In [2]:
%run Latex_macros.ipynb

<IPython.core.display.Latex object>

In [2]:
%run beautify_plots.py

In [3]:
# My standard magic !  You will see this in almost all my notebooks.

from IPython.core.interactiveshell import InteractiveShell
InteractiveShell.ast_node_interactivity = "all"

# Reload all modules imported with %aimport
%load_ext autoreload
%autoreload 1

%matplotlib inline

In [4]:
import pandas as pd
import numpy as plt

import matplotlib.pyplot as plt

import os 


# Convolutional Neural Networks: in pictures

It may be easier to grasp the workings of a CNN in pictures.

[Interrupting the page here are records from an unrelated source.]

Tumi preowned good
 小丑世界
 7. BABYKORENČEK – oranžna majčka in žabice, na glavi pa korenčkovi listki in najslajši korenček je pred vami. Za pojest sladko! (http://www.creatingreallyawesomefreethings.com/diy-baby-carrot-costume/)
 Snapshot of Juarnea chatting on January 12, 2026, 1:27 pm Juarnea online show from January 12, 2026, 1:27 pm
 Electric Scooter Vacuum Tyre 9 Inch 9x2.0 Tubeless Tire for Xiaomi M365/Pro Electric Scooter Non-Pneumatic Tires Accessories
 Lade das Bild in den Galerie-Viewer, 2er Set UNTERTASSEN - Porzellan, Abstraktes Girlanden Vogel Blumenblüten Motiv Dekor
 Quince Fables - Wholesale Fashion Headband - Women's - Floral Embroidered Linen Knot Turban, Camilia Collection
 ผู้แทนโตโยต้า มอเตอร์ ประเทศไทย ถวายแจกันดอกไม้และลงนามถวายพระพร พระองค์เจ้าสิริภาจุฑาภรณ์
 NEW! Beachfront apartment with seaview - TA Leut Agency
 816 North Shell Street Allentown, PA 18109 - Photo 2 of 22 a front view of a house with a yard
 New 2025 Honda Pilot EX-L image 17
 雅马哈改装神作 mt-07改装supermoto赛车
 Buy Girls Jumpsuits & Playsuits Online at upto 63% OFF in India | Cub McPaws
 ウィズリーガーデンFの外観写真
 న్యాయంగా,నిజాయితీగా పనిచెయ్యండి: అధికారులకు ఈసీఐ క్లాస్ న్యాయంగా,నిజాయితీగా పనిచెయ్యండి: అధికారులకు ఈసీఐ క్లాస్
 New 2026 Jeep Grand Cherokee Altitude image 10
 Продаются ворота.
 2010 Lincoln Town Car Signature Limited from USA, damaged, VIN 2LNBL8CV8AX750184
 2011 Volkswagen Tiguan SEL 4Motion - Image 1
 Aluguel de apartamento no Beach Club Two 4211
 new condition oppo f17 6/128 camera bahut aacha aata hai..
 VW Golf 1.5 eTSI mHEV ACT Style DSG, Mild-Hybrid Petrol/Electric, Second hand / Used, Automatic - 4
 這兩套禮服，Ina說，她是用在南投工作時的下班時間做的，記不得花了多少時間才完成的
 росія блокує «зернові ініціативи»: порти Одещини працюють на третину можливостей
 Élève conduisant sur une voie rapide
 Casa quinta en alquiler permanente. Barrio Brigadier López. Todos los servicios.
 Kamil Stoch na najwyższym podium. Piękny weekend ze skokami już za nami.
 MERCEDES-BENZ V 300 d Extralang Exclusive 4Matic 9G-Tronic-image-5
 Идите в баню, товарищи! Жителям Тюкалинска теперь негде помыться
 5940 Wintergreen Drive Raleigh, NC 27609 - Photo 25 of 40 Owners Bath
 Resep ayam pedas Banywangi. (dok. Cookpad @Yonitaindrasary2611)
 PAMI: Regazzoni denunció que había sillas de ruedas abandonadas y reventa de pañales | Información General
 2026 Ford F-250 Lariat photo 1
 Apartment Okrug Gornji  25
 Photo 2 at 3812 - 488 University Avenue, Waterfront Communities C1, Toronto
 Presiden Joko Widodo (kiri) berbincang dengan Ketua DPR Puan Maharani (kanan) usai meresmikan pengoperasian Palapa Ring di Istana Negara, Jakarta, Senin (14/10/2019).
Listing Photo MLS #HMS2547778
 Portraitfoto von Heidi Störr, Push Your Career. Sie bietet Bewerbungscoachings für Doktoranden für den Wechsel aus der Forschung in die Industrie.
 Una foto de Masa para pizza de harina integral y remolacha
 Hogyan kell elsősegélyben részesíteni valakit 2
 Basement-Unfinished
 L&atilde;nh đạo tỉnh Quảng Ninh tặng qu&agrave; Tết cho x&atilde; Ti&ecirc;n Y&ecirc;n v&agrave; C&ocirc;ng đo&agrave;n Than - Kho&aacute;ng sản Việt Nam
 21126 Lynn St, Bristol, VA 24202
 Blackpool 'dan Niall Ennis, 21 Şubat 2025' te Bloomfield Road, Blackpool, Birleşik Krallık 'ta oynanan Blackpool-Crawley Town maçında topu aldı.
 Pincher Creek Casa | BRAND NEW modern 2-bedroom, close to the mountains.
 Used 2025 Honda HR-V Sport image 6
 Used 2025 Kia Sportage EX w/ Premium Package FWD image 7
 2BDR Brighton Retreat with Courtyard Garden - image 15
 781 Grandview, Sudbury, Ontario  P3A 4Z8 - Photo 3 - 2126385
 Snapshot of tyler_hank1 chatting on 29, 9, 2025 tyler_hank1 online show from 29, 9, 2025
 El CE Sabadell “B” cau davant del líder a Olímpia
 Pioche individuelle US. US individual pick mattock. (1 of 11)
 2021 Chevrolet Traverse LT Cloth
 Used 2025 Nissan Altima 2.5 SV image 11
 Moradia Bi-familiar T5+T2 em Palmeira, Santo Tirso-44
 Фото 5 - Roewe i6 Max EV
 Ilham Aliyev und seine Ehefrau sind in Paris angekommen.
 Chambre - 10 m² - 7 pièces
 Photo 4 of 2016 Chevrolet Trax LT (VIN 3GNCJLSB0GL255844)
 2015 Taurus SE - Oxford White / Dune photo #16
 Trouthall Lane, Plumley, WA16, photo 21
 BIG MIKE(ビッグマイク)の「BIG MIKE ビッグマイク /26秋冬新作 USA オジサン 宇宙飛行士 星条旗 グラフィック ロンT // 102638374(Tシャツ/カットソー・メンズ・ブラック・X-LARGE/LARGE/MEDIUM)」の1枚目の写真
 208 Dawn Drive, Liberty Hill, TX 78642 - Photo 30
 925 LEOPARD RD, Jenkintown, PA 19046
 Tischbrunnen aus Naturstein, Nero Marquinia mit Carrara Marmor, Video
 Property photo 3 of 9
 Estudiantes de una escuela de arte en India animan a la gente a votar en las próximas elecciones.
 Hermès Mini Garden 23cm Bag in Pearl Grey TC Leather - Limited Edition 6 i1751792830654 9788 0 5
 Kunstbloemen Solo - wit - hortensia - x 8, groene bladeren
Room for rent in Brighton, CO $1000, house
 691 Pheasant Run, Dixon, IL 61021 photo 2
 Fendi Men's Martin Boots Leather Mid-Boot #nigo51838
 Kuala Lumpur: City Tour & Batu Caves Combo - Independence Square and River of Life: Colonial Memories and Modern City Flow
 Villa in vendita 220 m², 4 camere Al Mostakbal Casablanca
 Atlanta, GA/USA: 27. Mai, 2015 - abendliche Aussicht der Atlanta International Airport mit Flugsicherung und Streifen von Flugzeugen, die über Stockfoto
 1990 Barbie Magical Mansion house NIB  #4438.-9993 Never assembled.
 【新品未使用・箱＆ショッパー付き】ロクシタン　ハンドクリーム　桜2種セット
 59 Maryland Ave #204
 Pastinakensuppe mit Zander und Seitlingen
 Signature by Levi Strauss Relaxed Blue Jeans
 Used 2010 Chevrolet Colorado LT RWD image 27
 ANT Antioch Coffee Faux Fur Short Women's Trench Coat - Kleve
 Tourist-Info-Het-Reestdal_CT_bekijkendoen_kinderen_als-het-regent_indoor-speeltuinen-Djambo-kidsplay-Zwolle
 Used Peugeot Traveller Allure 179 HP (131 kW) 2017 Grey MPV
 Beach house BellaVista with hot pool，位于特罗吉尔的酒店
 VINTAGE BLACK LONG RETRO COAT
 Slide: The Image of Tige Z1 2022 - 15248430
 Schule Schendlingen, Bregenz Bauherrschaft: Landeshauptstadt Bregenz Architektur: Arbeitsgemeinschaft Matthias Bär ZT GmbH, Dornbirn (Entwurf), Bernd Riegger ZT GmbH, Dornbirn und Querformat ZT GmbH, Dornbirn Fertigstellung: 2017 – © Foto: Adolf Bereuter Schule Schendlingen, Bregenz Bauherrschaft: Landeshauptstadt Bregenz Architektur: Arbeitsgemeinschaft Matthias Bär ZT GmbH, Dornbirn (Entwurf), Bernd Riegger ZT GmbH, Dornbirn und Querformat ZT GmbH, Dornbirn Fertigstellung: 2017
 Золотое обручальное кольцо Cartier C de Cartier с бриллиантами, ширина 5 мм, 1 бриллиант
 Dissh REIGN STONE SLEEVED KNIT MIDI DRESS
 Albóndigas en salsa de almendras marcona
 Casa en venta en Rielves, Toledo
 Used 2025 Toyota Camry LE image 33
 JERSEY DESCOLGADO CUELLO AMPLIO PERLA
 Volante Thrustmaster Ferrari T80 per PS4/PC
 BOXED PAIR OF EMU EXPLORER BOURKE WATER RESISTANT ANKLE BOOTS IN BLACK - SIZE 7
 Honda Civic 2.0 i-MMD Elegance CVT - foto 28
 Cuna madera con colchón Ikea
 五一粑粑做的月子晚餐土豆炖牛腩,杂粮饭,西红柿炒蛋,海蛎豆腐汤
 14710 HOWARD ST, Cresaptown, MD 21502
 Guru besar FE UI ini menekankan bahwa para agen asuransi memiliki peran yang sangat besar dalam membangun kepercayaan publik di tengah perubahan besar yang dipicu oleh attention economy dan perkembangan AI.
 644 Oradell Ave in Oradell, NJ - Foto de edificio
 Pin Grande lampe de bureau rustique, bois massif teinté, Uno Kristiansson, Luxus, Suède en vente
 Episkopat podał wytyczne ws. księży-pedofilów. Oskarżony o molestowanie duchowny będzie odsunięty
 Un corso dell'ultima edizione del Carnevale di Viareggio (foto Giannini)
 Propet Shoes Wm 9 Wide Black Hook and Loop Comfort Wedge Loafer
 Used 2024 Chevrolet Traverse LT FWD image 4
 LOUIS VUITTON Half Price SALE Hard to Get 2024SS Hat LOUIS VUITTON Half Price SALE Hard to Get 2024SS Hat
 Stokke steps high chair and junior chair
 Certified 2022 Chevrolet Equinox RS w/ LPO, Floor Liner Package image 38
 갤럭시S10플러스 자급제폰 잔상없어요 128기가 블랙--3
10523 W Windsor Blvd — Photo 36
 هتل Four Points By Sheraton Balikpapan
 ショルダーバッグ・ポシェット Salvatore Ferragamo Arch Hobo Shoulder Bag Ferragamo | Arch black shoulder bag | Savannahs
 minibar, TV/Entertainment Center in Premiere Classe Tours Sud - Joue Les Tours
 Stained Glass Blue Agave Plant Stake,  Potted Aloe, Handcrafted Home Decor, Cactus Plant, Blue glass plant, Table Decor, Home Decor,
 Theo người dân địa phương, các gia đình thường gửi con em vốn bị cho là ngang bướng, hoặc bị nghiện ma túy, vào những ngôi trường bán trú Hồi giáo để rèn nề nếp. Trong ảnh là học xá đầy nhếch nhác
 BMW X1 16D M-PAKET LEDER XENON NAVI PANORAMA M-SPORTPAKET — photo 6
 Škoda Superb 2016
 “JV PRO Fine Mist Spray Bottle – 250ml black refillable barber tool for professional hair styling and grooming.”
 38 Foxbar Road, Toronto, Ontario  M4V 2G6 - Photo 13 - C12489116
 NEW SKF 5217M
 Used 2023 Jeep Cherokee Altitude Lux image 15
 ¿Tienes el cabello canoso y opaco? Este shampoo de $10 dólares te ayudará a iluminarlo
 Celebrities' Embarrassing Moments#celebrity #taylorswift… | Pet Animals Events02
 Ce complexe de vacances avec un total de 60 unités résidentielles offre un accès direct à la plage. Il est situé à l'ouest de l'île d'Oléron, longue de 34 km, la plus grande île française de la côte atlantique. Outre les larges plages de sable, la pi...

We start with the simplest case of input $\x$ and pattern $\kernel$
- one non-feature dimension: a 1D vector
- one input feature
- one output feature

We work our way up to a more complicated case
- two non-feature dimensions: 2D matrix
- a number of input features
- a number of output  features (possibly different from the input)

The [notebook](CNN_pictorial.ipynb) illustrates the various possibilities.

In the remainder of this notebook: we explain the pictures.

# Preliminaries

# Behavior of a CNN layer

Layer $\ll$ in a Sequential NN transforms transforms input $\y_{(\ll-1)}$ to output $y_\llp$
- $\y_\llp$ is called a *feature map*, for all layers $\ll$
    - for each location in $\y_{(\ll-1)}$
    - it measures the intensity of the pattern match when the pattern is centered at that location 
    
So we write the input as $\y_{(\ll-1)}$ rather than the $\x$ we had used previously.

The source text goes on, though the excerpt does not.